**TASK DESCRIPTION:** What you return should match the material below line for line, except that no image appears in it.

**RECORDS PROVIDED:**
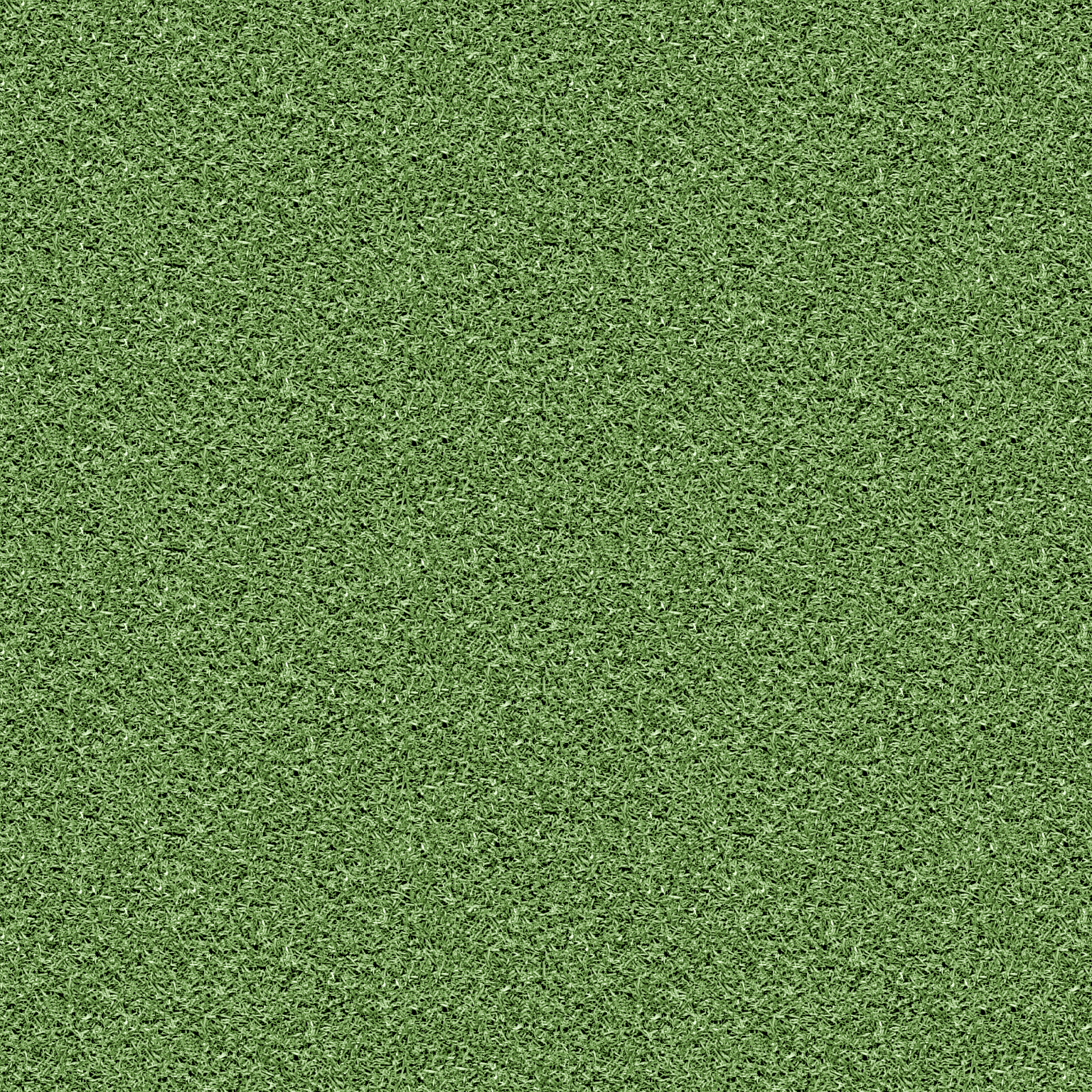 Grass_02.jpg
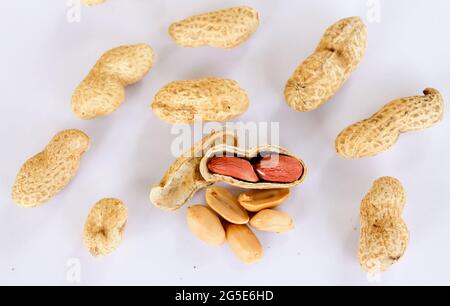 Arachidi sparse su sfondo bianco. Uno è stato aperto per rivelare un seme rosso all'interno. Foto Stock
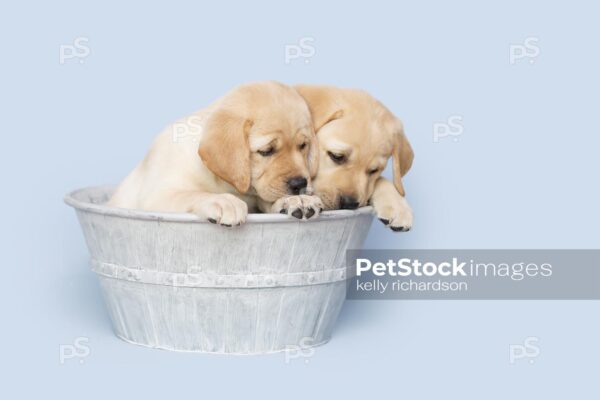 Two Yellow Labrador Retriever Easter Puppies in a gray metal wash tub, Blue background.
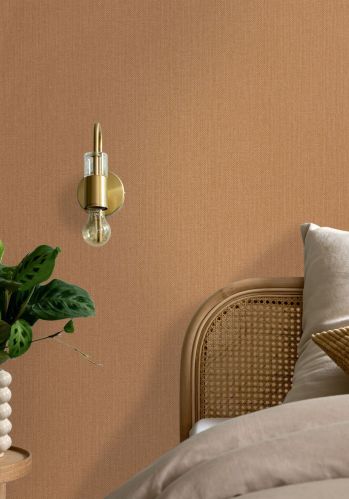 Papier  Peint Uni Beauty Full Image Caselio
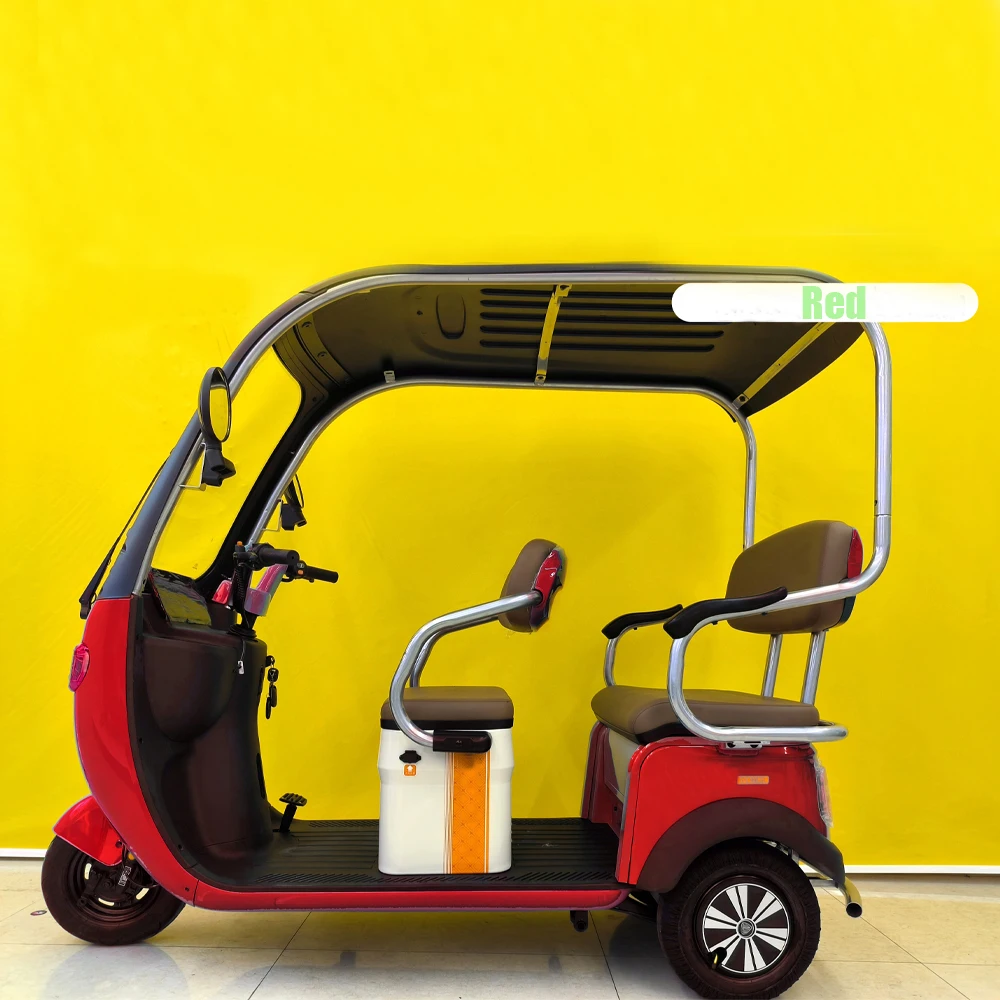 Wholesale 800W 3 Wheel Electric Tricycle Bike Family Use E Trike Electric Tricycle With Cover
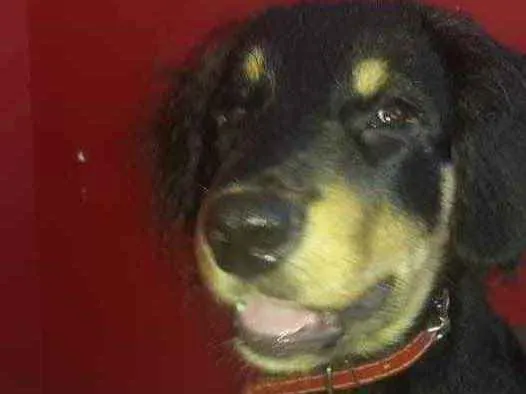 Cachorro ra a Mestico idade 7 a 11 meses nome Maylon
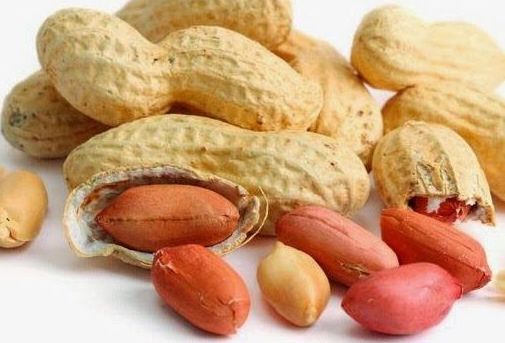 Performance of Groundnut (Arachis hypogaea L) Under Drip and Micro Sprinkler Fertigation System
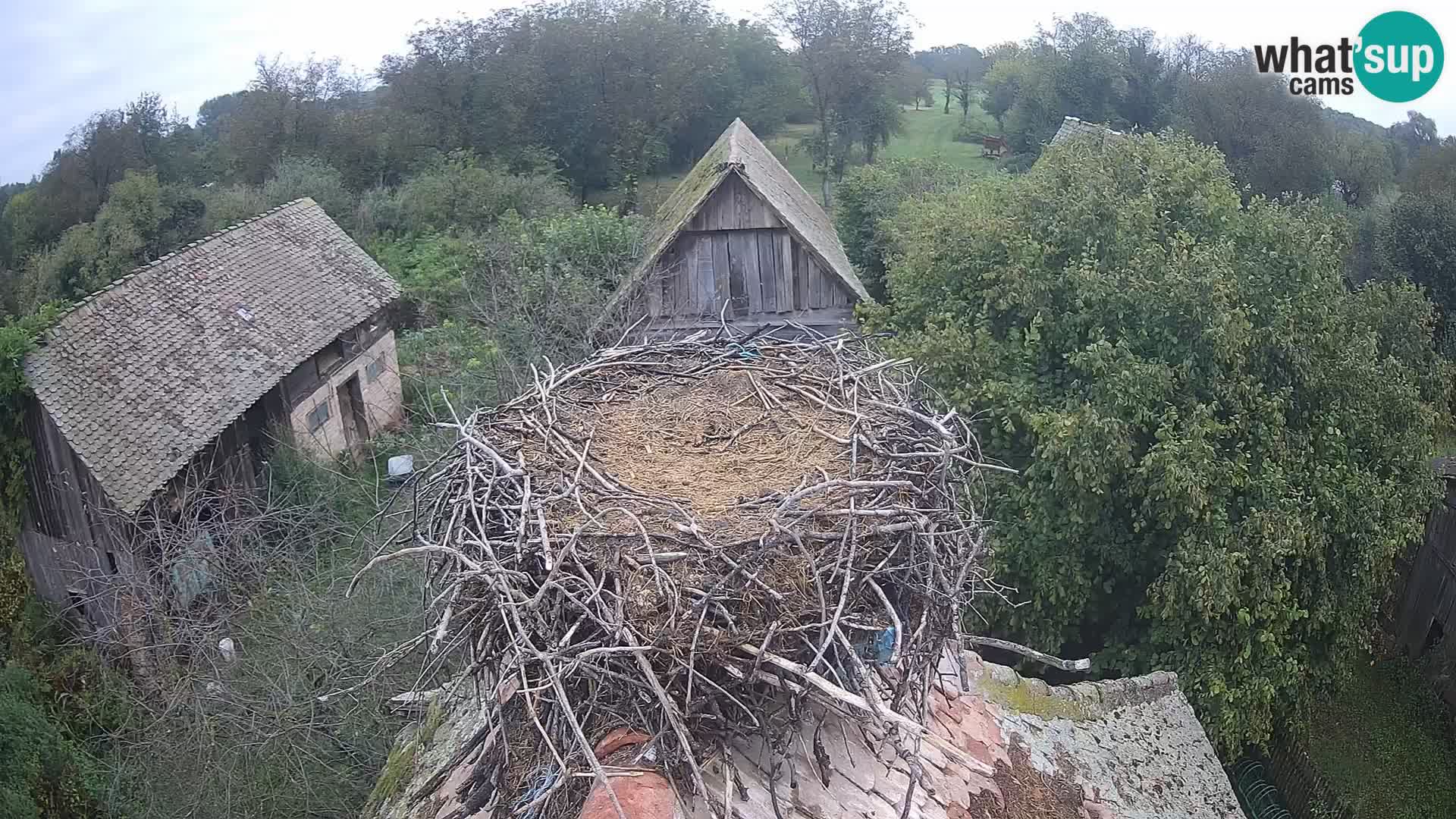 U živo Europsko selo roda – Park prirode Lonjsko polje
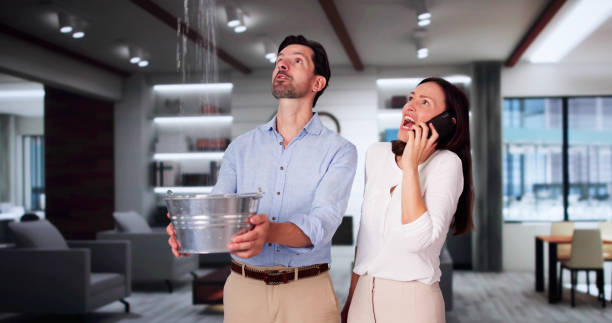 Best Commercial water damage restoration  in Fox Lake, IL
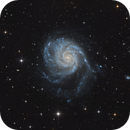 M 101 with 10 Zoll, Mario Richter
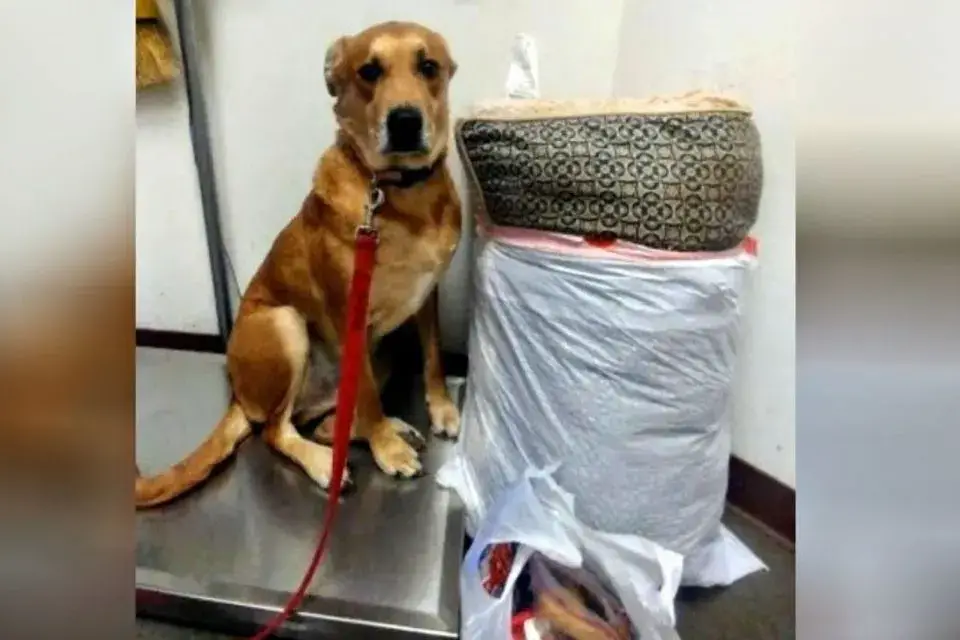 You are currently viewing Wall-E’s Second Chance: The Shelter Dog Who Found His Forever Family After Heartbreak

**WRITTEN SOLUTION:**
 Grass_02.jpg
 Arachidi sparse su sfondo bianco. Uno è stato aperto per rivelare un seme rosso all'interno. Foto Stock
 Two Yellow Labrador Retriever Easter Puppies in a gray metal wash tub, Blue background.
 Papier  Peint Uni Beauty Full Image Caselio
 Wholesale 800W 3 Wheel Electric Tricycle Bike Family Use E Trike Electric Tricycle With Cover
 Cachorro ra a Mestico idade 7 a 11 meses nome Maylon
 Performance of Groundnut (Arachis hypogaea L) Under Drip and Micro Sprinkler Fertigation System
 U živo Europsko selo roda – Park prirode Lonjsko polje
 Best Commercial water damage restoration  in Fox Lake, IL
 M 101 with 10 Zoll, Mario Richter
 You are currently viewing Wall-E’s Second Chance: The Shelter Dog Who Found His Forever Family After Heartbreak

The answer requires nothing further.